## Exercise brief:
The answer must be an exact copy of the records, with no pictures in it.

## Extracted information:
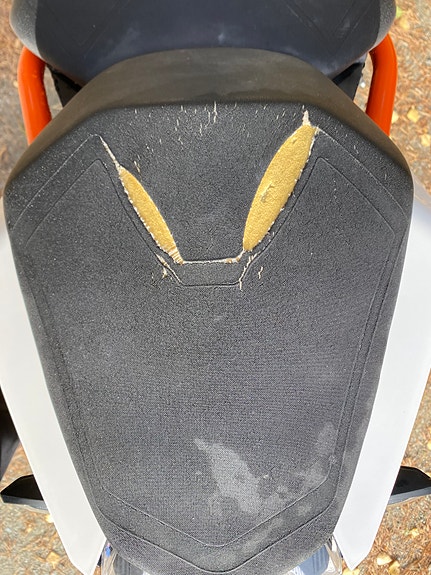KTM 125 Duke 9 of 10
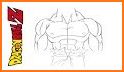 Learn how to draw Goku for Dragonball related image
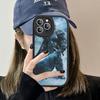 W-World Of W-Warcraft Чехол для телефона Жесткая кожа Для IPhone 16 15 14 13 12 Mini 11 14 Pro Max Xs X Xr 7 8 Plus Fundas
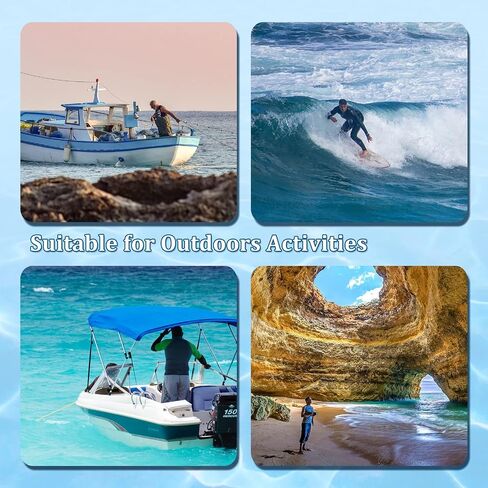 Floating Sunglasses, Polarized Sunglasses for Men Women, Anti-Seawater Coating Sunglasses For Sea Fishing, Surfing in Saudi Arabia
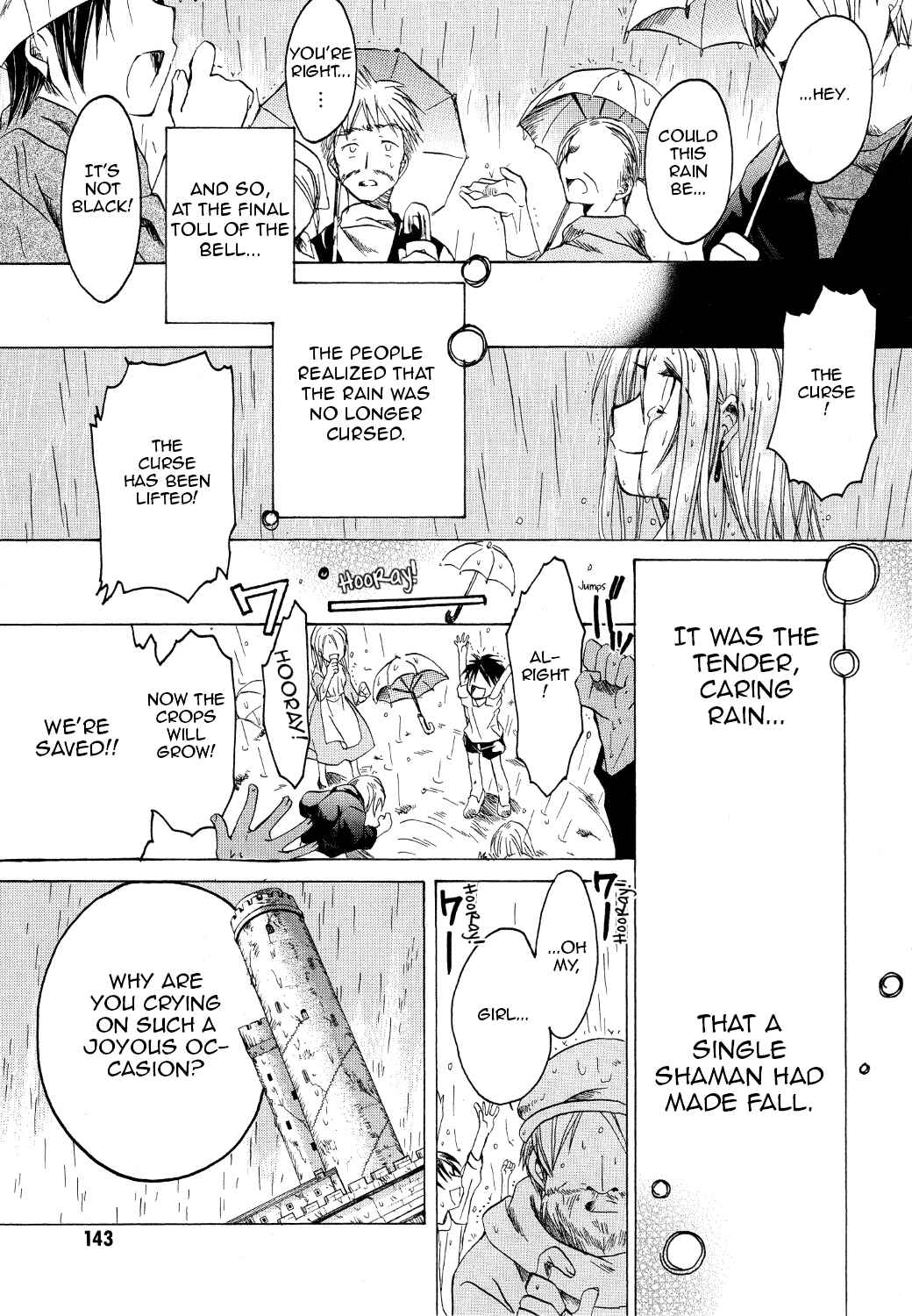 Page 39 Chapter 15 Hibikis Magic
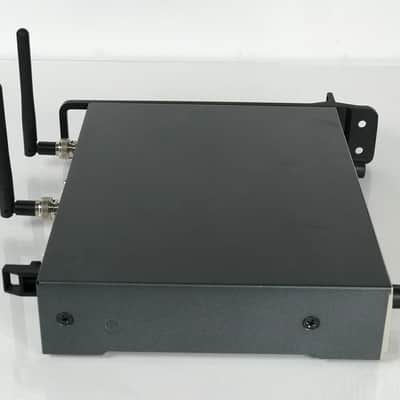 Sennheiser EM 300 True Diversity Receiver w/ SK 300 Bodypack Transmitter and Microphone 626-668MHz image 3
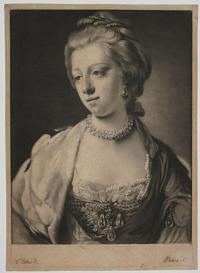 [Caroline Matilda, Queen of Denmark.]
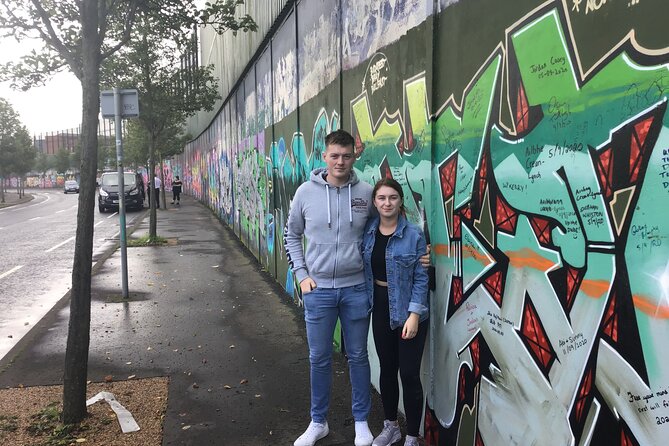 Black Taxi Tour and Crumlin Road Gaol tour Combo - Who will appreciate this experience most?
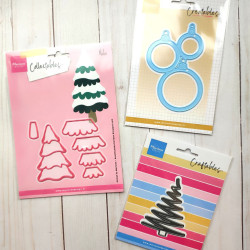 Marianne Design Creatables Layout Baubles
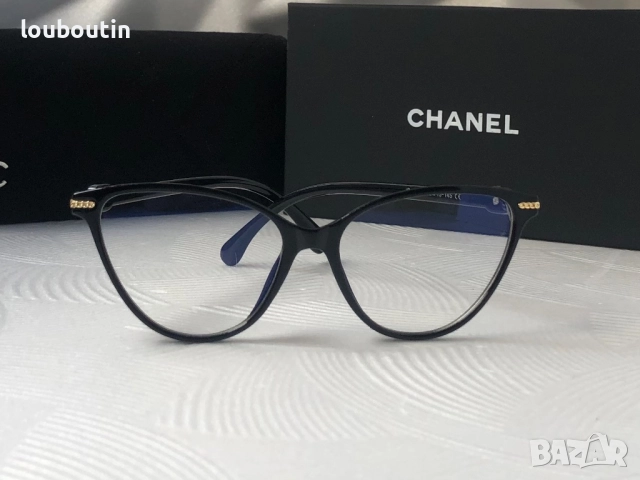 Очила за компютър Диоптрични рамки прозрачни слънчеви очила, снимка 5 - Слънчеви и диоптрични очила - 52514690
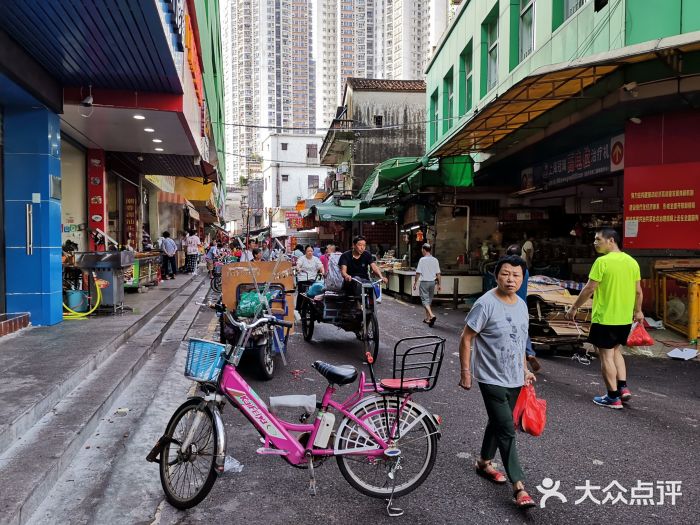 罗沙肉菜市场图片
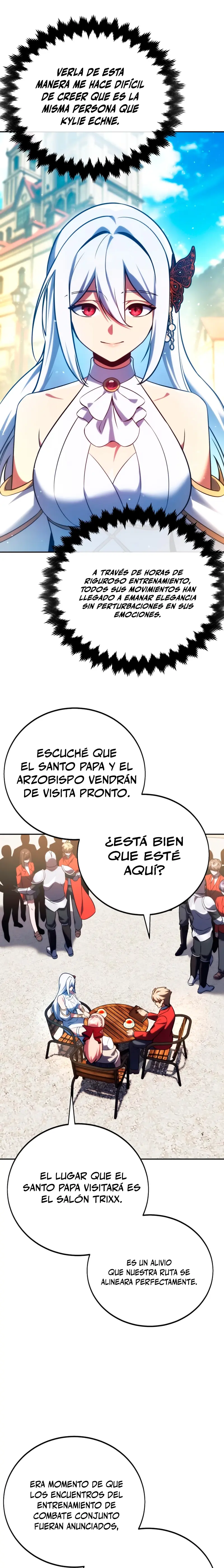 Read The Extra's Academy Survival Guide ES Manga Online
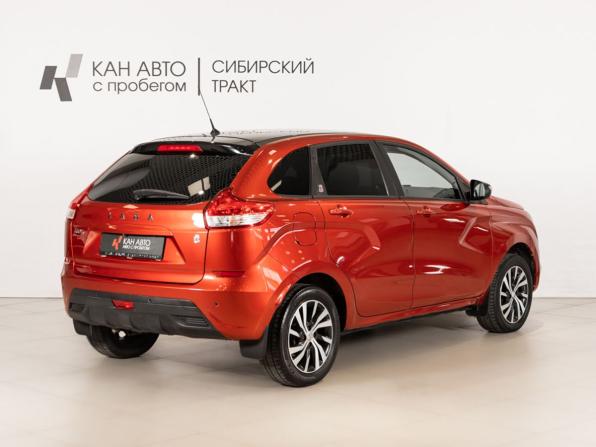 Lada (ВАЗ) XRAY I с пробегом 2016 года, цена 725 800 рублей, 138500 км, хэтчбек, Автокод Объявления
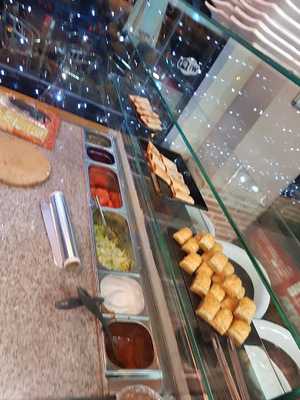 Burguer Kebap Kamkar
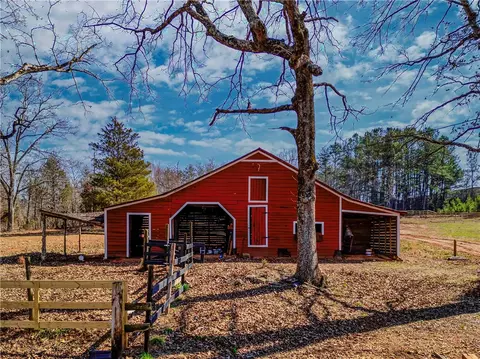 20 42 Acres Greenville Hwy #TRACT 1 RED BARN, Liberty, SC 29657
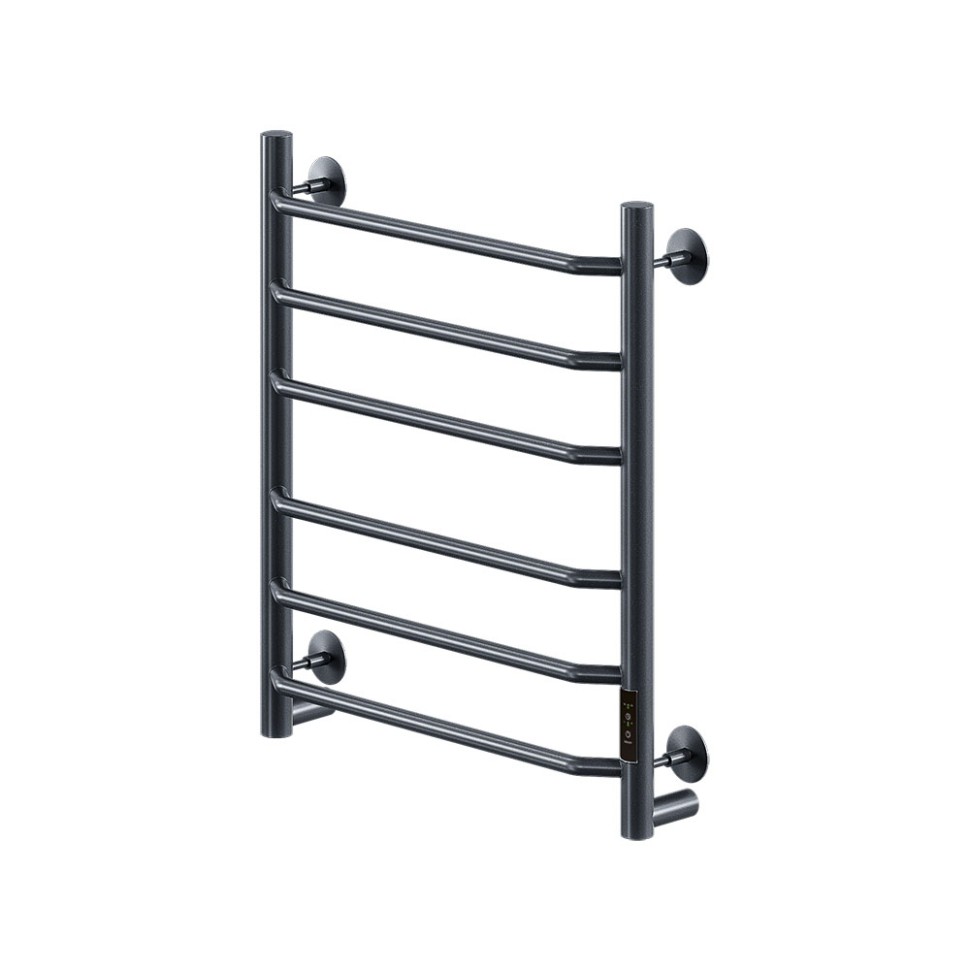 Полотенцесушитель электрический Cantu-A, 50/60, графит брашинг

## Finished exercise:
KTM 125 Duke 9 of 10
 Learn how to draw Goku for Dragonball related image
 W-World Of W-Warcraft Чехол для телефона Жесткая кожа Для IPhone 16 15 14 13 12 Mini 11 14 Pro Max Xs X Xr 7 8 Plus Fundas
 Floating Sunglasses, Polarized Sunglasses for Men Women, Anti-Seawater Coating Sunglasses For Sea Fishing, Surfing in Saudi Arabia
 Page 39 Chapter 15 Hibikis Magic
 Sennheiser EM 300 True Diversity Receiver w/ SK 300 Bodypack Transmitter and Microphone 626-668MHz image 3
 [Caroline Matilda, Queen of Denmark.]
 Black Taxi Tour and Crumlin Road Gaol tour Combo - Who will appreciate this experience most?
 Marianne Design Creatables Layout Baubles
 Очила за компютър Диоптрични рамки прозрачни слънчеви очила, снимка 5 - Слънчеви и диоптрични очила - 52514690
 罗沙肉菜市场图片
 Read The Extra's Academy Survival Guide ES Manga Online
 Lada (ВАЗ) XRAY I с пробегом 2016 года, цена 725 800 рублей, 138500 км, хэтчбек, Автокод Объявления
 Burguer Kebap Kamkar
 20 42 Acres Greenville Hwy #TRACT 1 RED BARN, Liberty, SC 29657
 Полотенцесушитель электрический Cantu-A, 50/60, графит брашинг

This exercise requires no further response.